I am trying to read a large text file (7GB) line by line, extract all the n-grams from each line, and store them in a HashMap. I create the following class from this code with some modifications:
public class NgExtract {
public List<String> ReturnNgrams(int order, String sent) {
List<String> ngs = new ArrayList<>();
String[] unigrams = sent.split(" ");
String ng;
for (int i = 0; i < unigrams.length - order + 1; i++) {
ng = BuildNg(unigrams, i, i + order);
if (!ngs.contains(ng.trim())) {
ngs.add(ng.trim());
}
}
return ngs;
}
public String BuildNg(String[] unigrams, int f, int l) {
StringBuilder ngStr = new StringBuilder();
for (int i = f; i < l; i++) {
ngStr.append(i > f ? " " : "").append(unigrams[i]);
}
return ngStr.toString();
}
}
I read the text file in a while loop (See below). If I do any of the following inside the while loop, memory consumption keeps going up until there is no memory available on my machine (with 16 GB of RAM). For smaller files (2-3 GB) the program terminates but still the amount of memory consumed is very large (7-8 GB). Therefore, I am guessing there is a memory leak somewhere that I can't find. Additionally, when I try methods such as sentence.split(" ")
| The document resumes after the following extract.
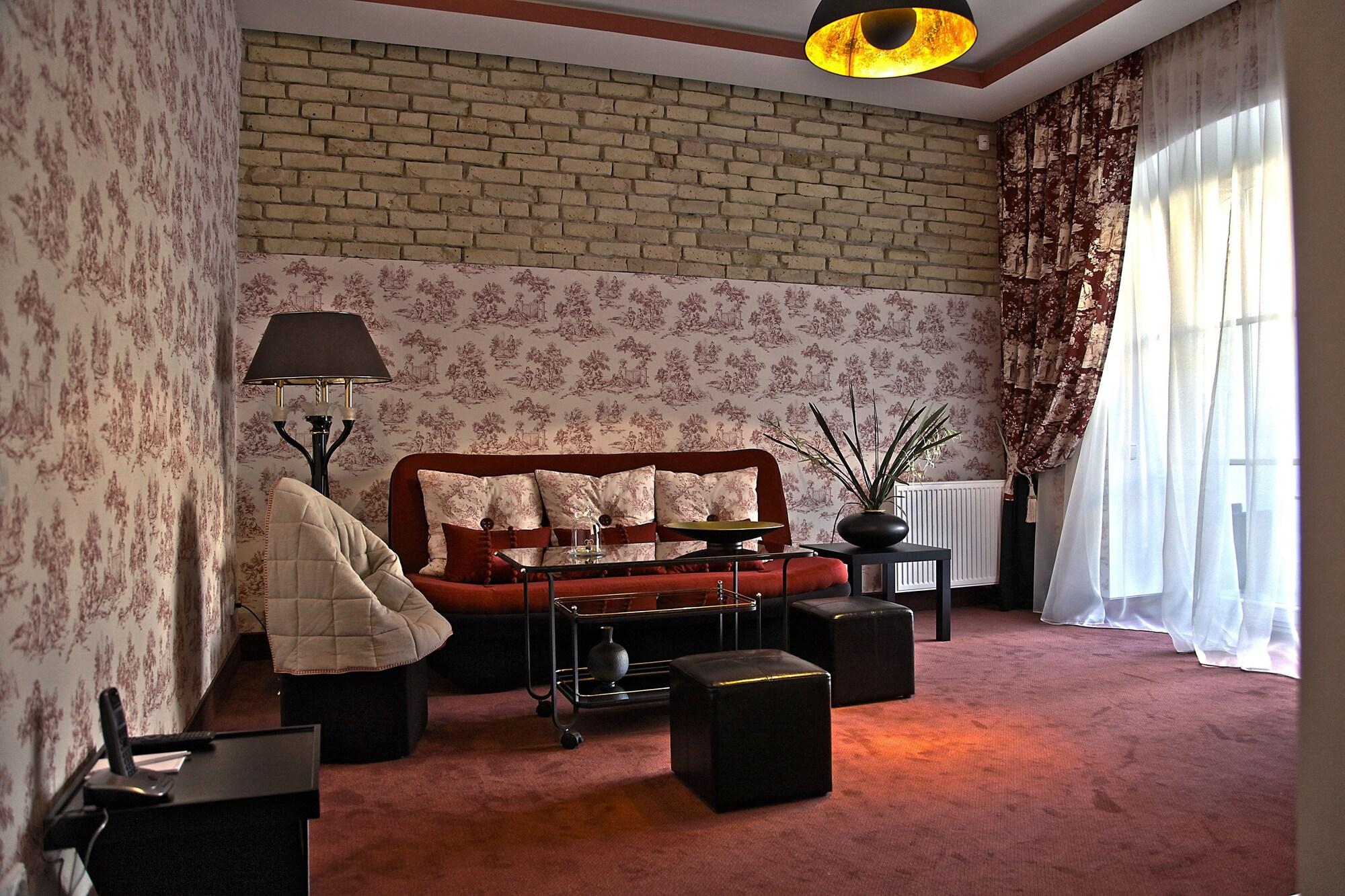 Moon Garden Old Town Hotel Вильнюс Экстерьер фото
inside the loop, the program terminates well with no memory problem. So I am almost certain the problem is with the NgExtract.
Create an instance of NgExtract inside the loop call its ReturnNgrams() method each sentence.
Create an instance of NgExtract outside the loop and call its ReturnNgrams() method inside the loop for each sentence.
Define ReturnNgrams as a static method of NgExtract and call it for each sentence inside the loop.
BufferedReader corpus = new BufferedReader( new InputStreamReader( new FileInputStream("path_2_corpus"), "UTF8")); HashMap<String, Integer> allNgs = new HashMap(); while ((sentence = corpus.readLine()) != null) { List<String> ngrams = //ReturnNgrams(sentence) approach 1, 2 or 3 //that I think leads to a (massive memory leak) if (!allNgs.containsKey(ng)) { allNgs.put(ng, 1); } else if (allNgs.containsKey(ng)) { int tmp = allNgs.get(ng); tmp++; allNgs.put(ng, tmp); } }